EXERCISE REQUIREMENTS =
In the records below, find the line with "Смеситель для ванны" and repeat exactly every line from it through the line with "Volkswagen Golf 1.4 TSI Sondermodell Style". Pictures stay out.

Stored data
########################################
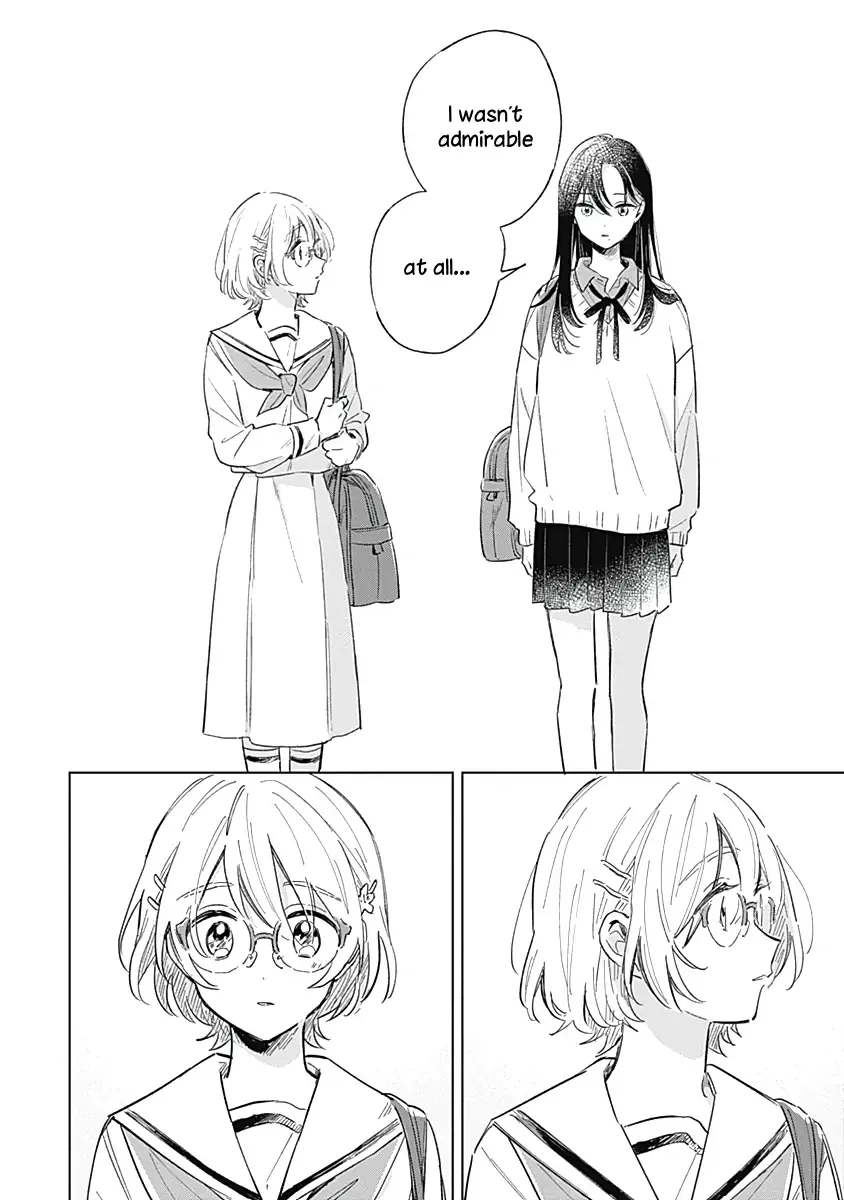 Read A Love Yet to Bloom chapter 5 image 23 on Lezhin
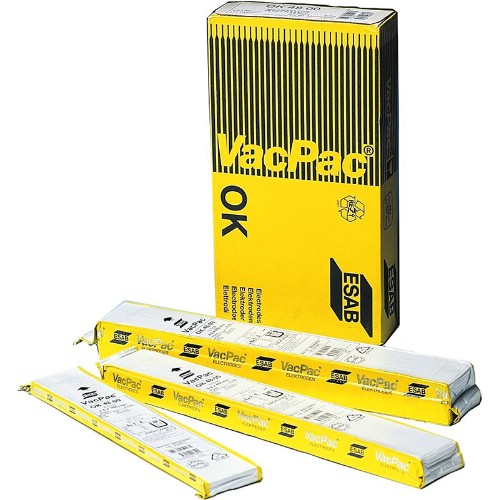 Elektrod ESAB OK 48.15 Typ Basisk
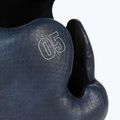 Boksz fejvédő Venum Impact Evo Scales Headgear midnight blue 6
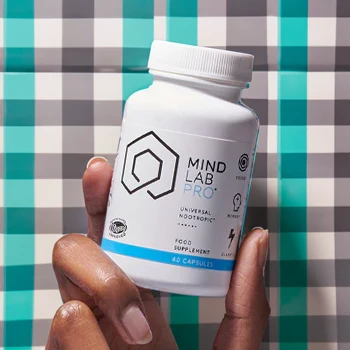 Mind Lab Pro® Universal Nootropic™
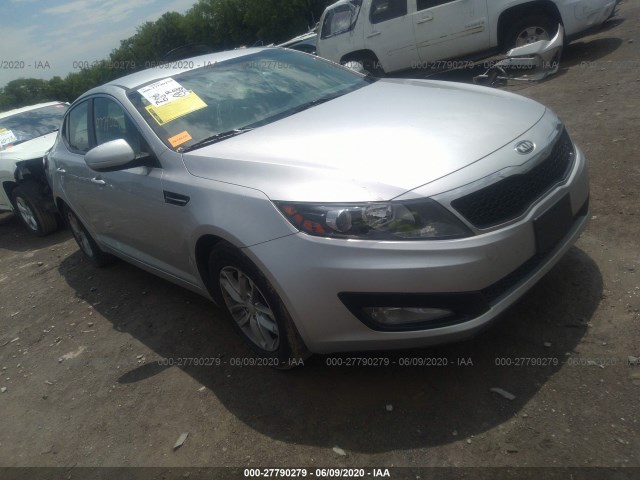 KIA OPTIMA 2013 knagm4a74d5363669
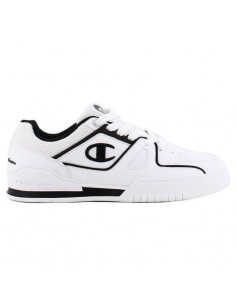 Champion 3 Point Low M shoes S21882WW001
########################################
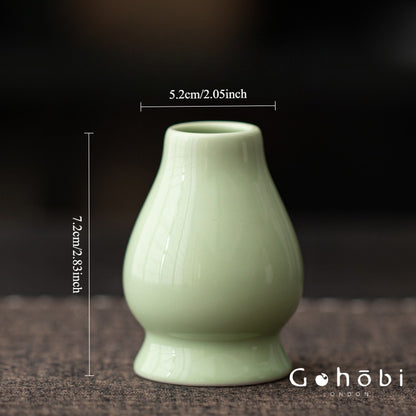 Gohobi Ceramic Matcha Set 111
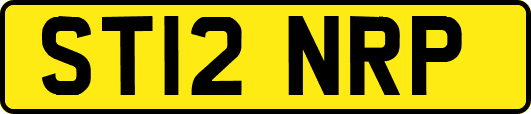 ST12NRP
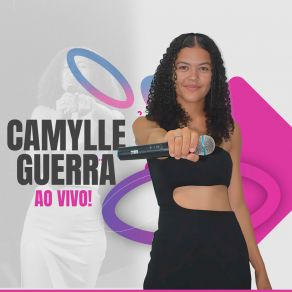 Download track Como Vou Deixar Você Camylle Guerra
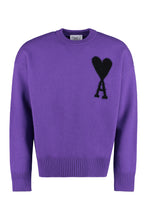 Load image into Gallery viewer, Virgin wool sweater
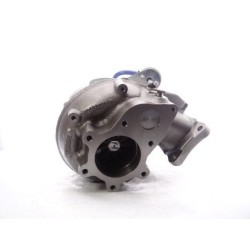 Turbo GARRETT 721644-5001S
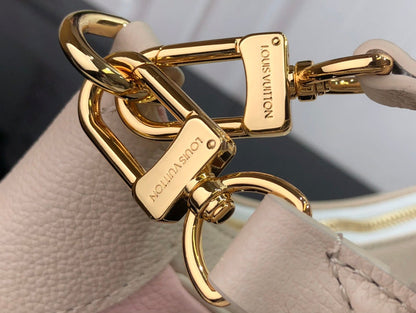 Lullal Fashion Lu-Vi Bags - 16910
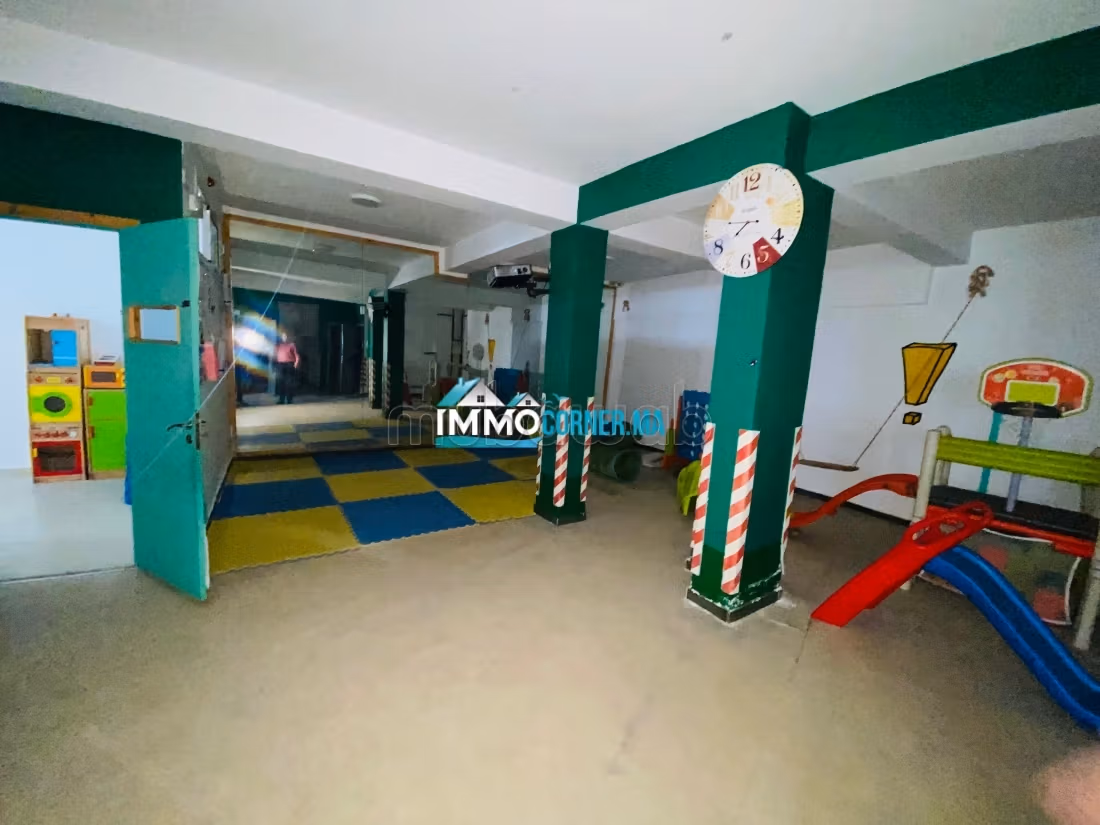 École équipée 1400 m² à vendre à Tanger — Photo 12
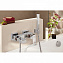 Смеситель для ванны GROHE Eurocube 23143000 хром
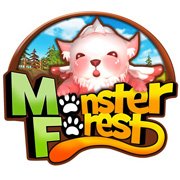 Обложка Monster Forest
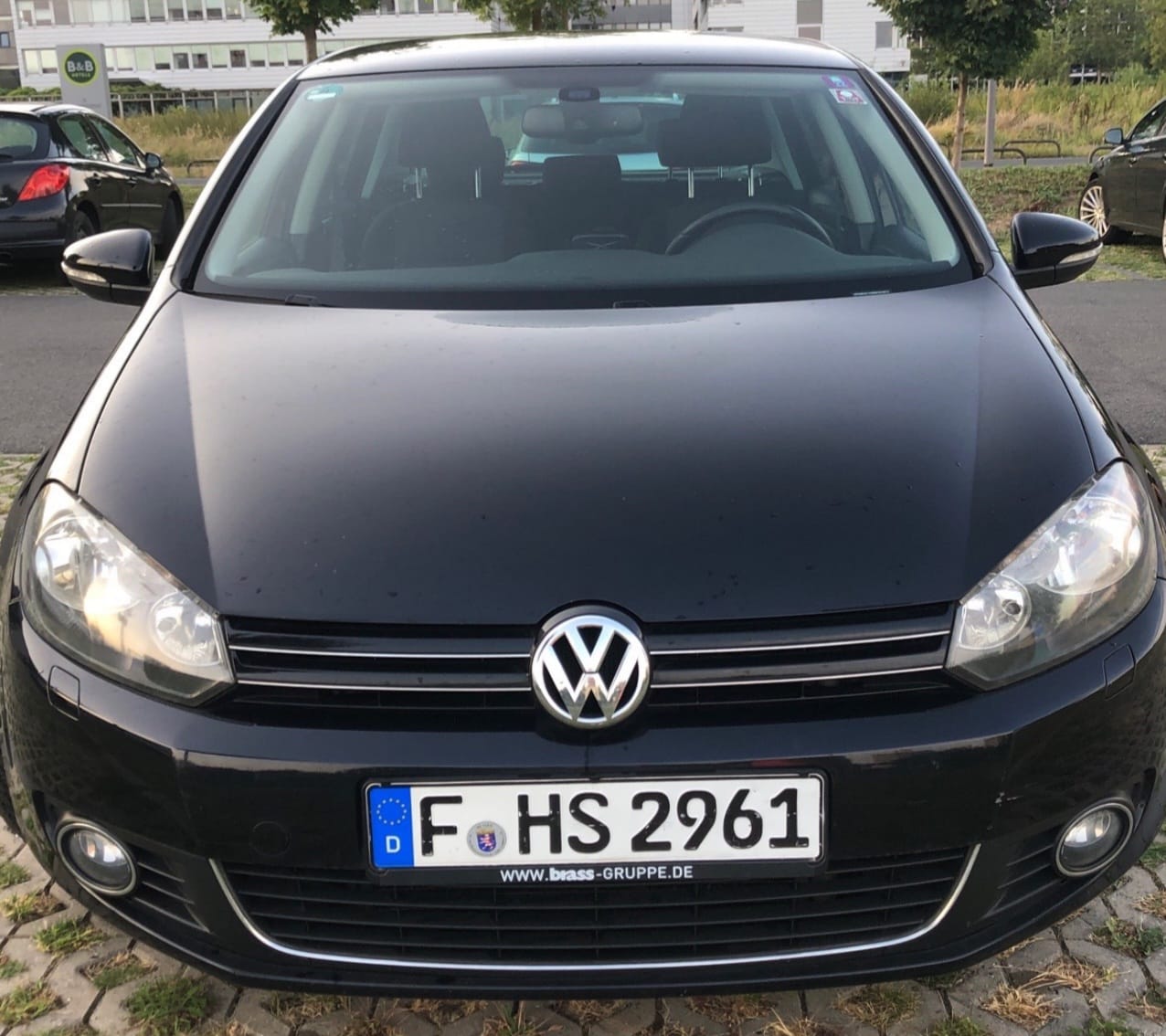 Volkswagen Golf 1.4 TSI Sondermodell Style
########################################
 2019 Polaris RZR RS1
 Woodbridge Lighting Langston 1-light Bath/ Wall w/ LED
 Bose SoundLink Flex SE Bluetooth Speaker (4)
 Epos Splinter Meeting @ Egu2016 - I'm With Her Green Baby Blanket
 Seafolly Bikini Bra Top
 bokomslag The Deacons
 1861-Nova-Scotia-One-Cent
########################################
SOLVED PROBLEM =
 Смеситель для ванны GROHE Eurocube 23143000 хром
 Обложка Monster Forest
 Volkswagen Golf 1.4 TSI Sondermodell Style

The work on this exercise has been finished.